• _Task prompt_: When the line with "Slut Gets Clothes" turns up below, begin repeating exactly, and carry on through the line with "LMTD regular sweatshort"; no pictures go into the copy.

• _Information provided_:
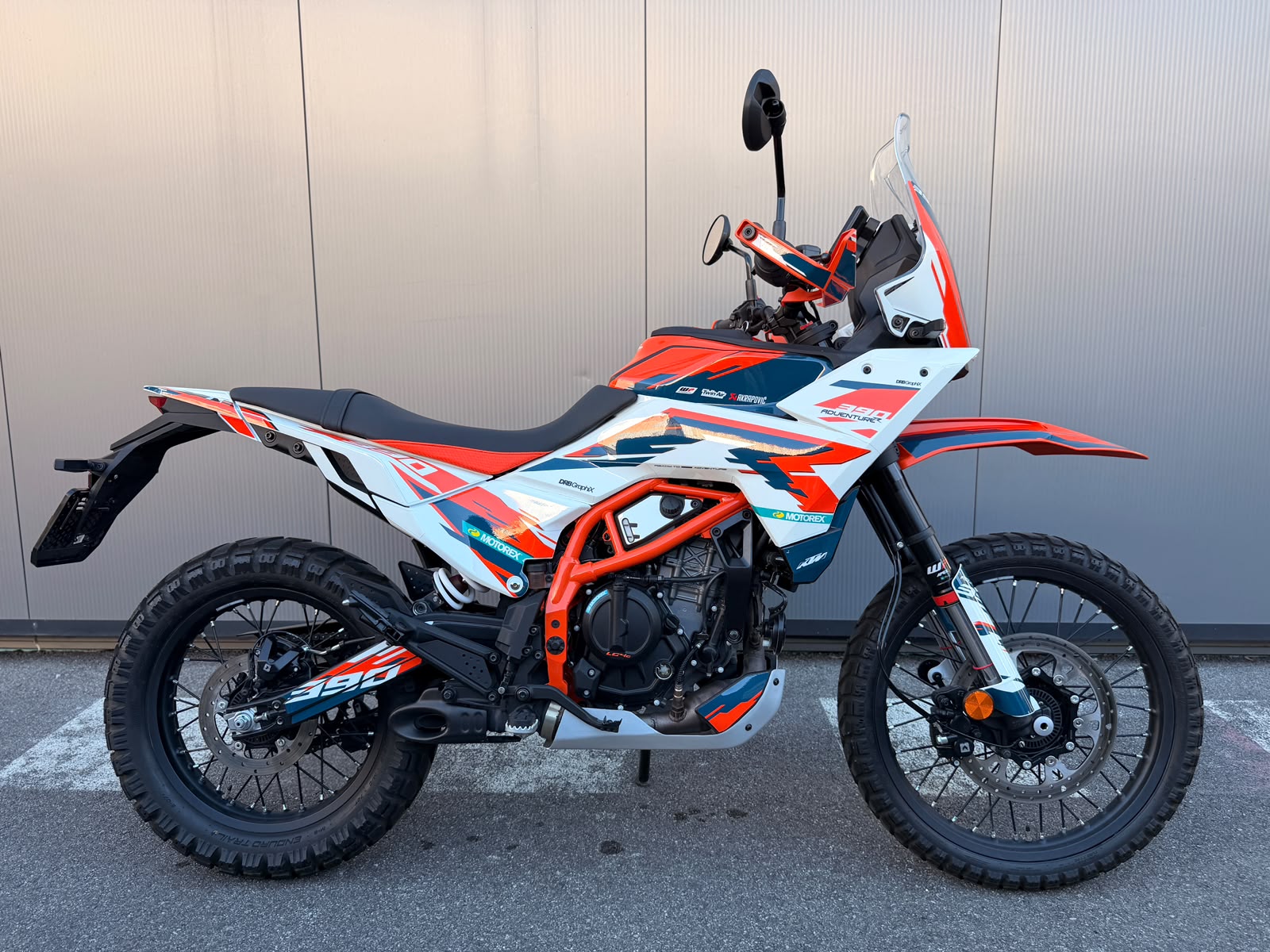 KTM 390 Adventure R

---

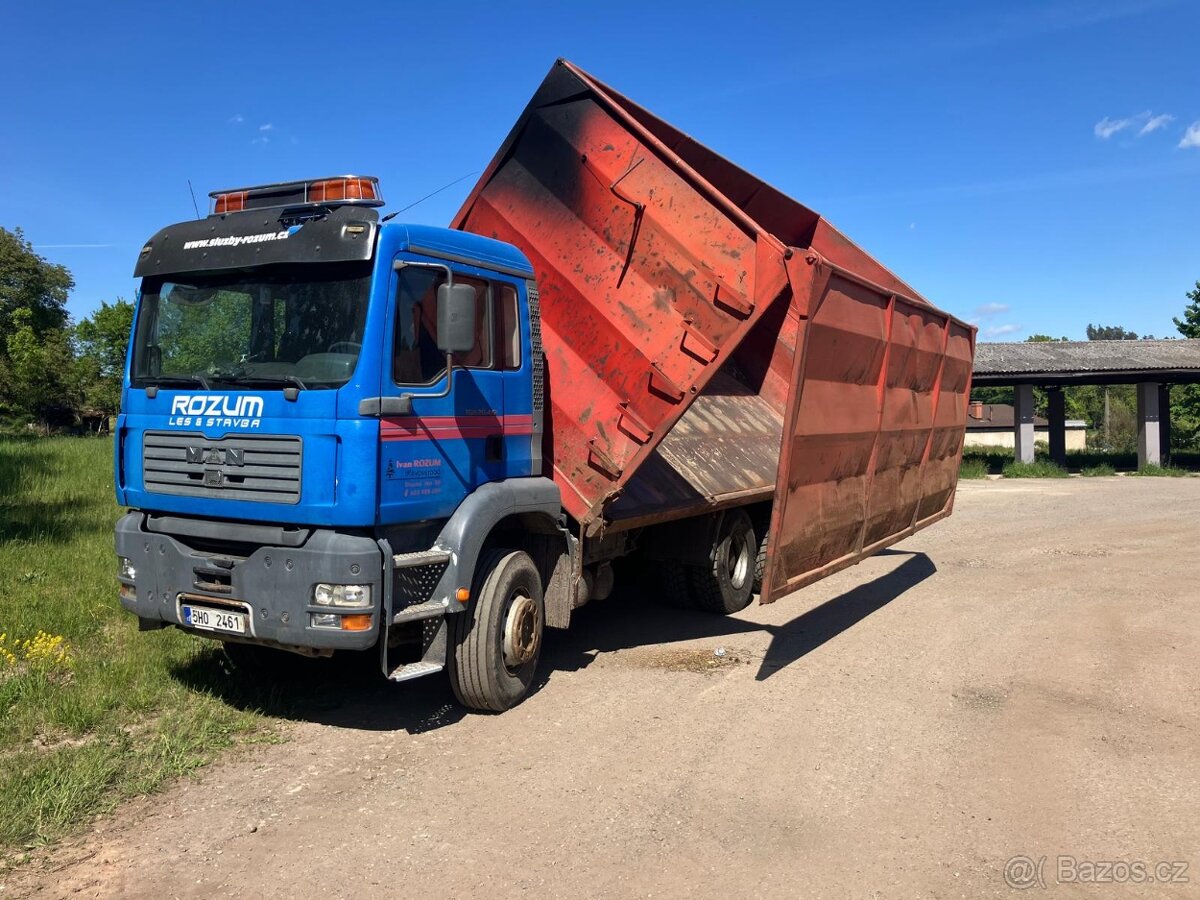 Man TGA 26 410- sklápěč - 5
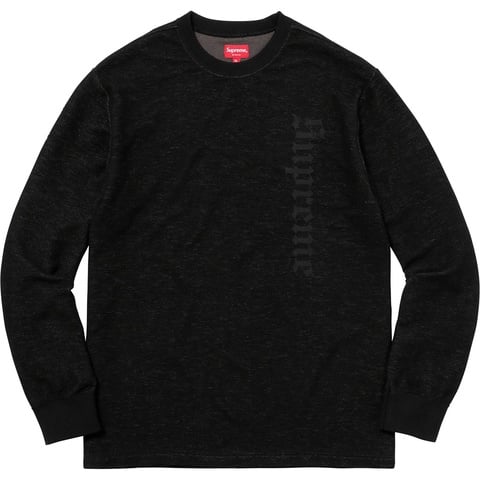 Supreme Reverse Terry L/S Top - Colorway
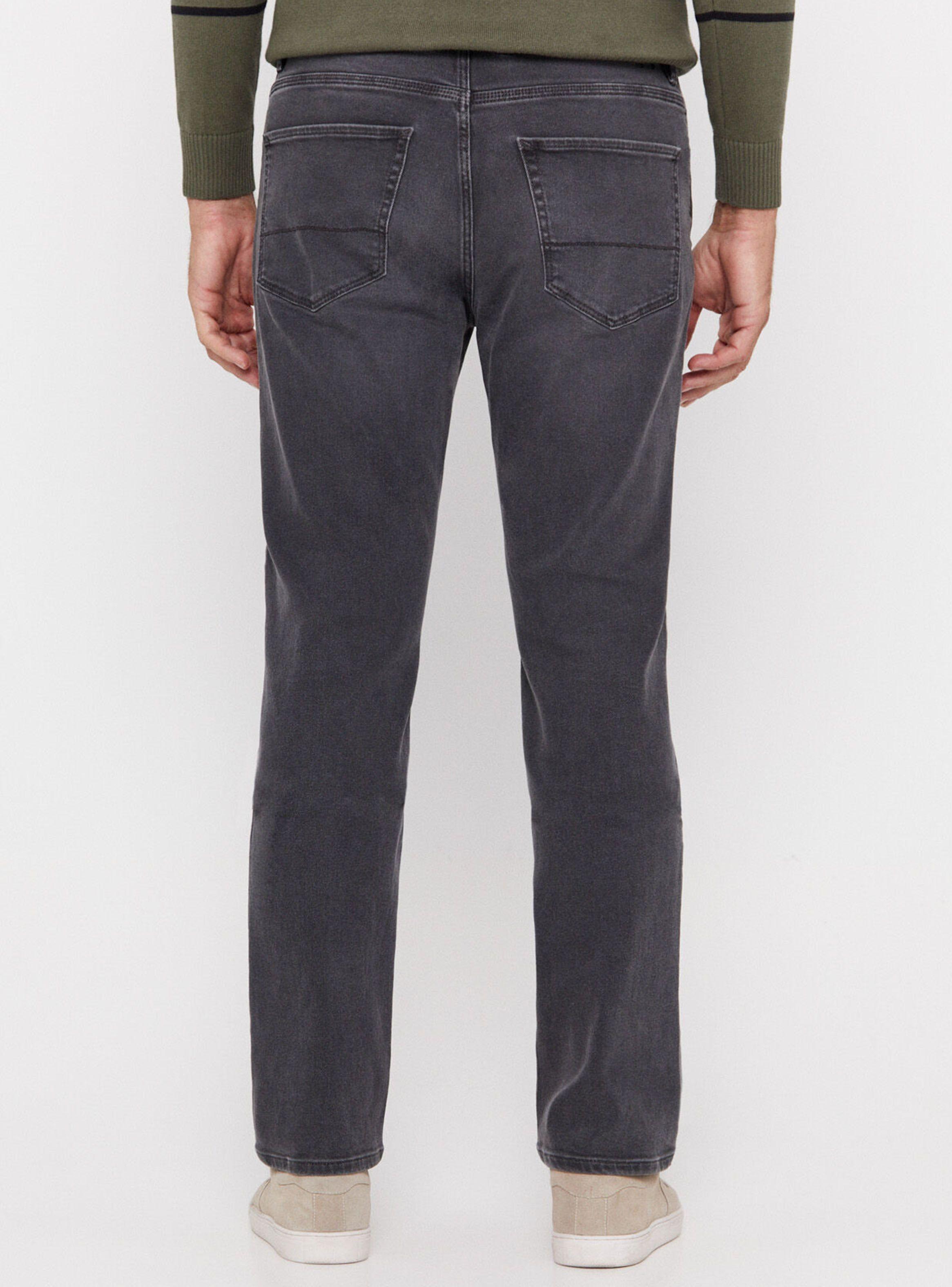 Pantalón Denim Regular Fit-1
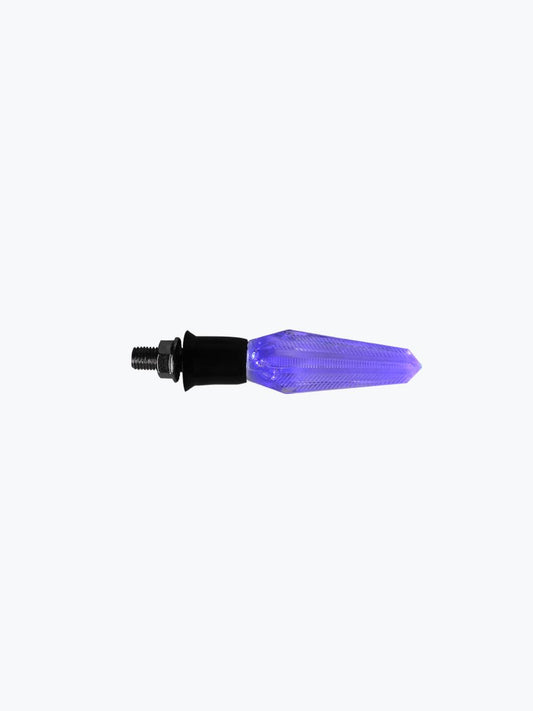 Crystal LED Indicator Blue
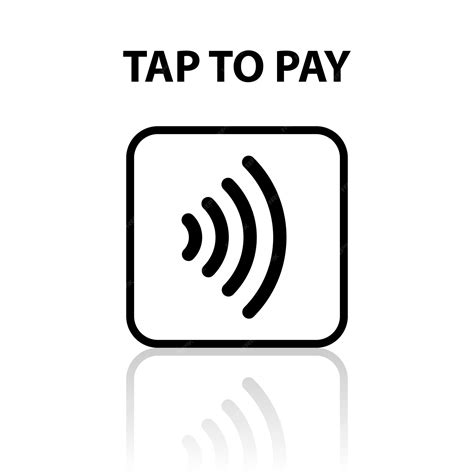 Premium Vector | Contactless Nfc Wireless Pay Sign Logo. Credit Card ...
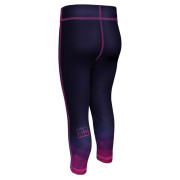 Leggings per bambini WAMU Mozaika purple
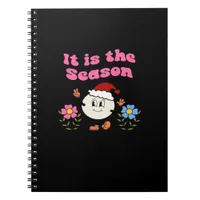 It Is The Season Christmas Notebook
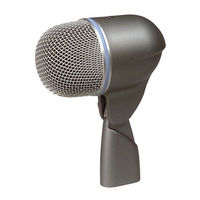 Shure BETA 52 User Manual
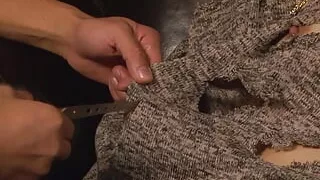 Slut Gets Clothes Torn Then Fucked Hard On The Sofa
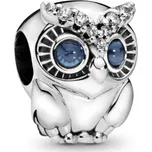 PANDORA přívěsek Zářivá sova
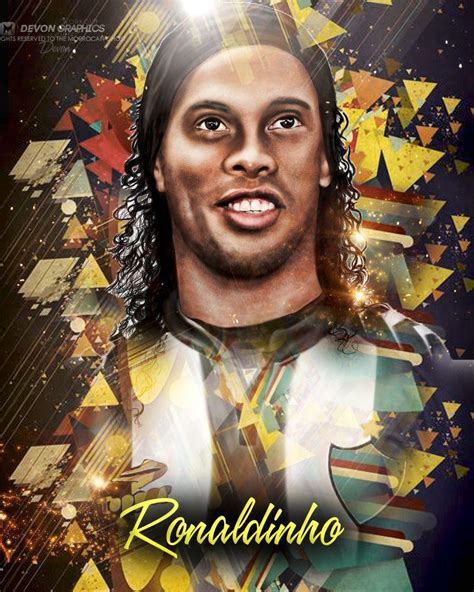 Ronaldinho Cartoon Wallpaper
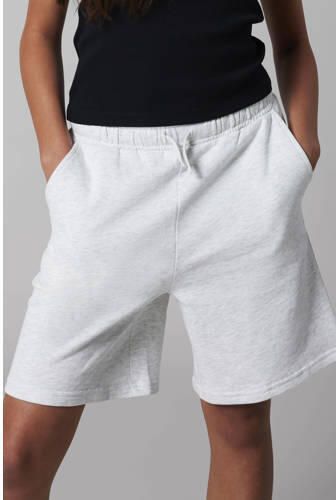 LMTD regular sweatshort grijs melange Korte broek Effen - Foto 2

• _Your solution_:
 Slut Gets Clothes Torn Then Fucked Hard On The Sofa
 PANDORA přívěsek Zářivá sova
 Ronaldinho Cartoon Wallpaper
 LMTD regular sweatshort grijs melange Korte broek Effen - Foto 2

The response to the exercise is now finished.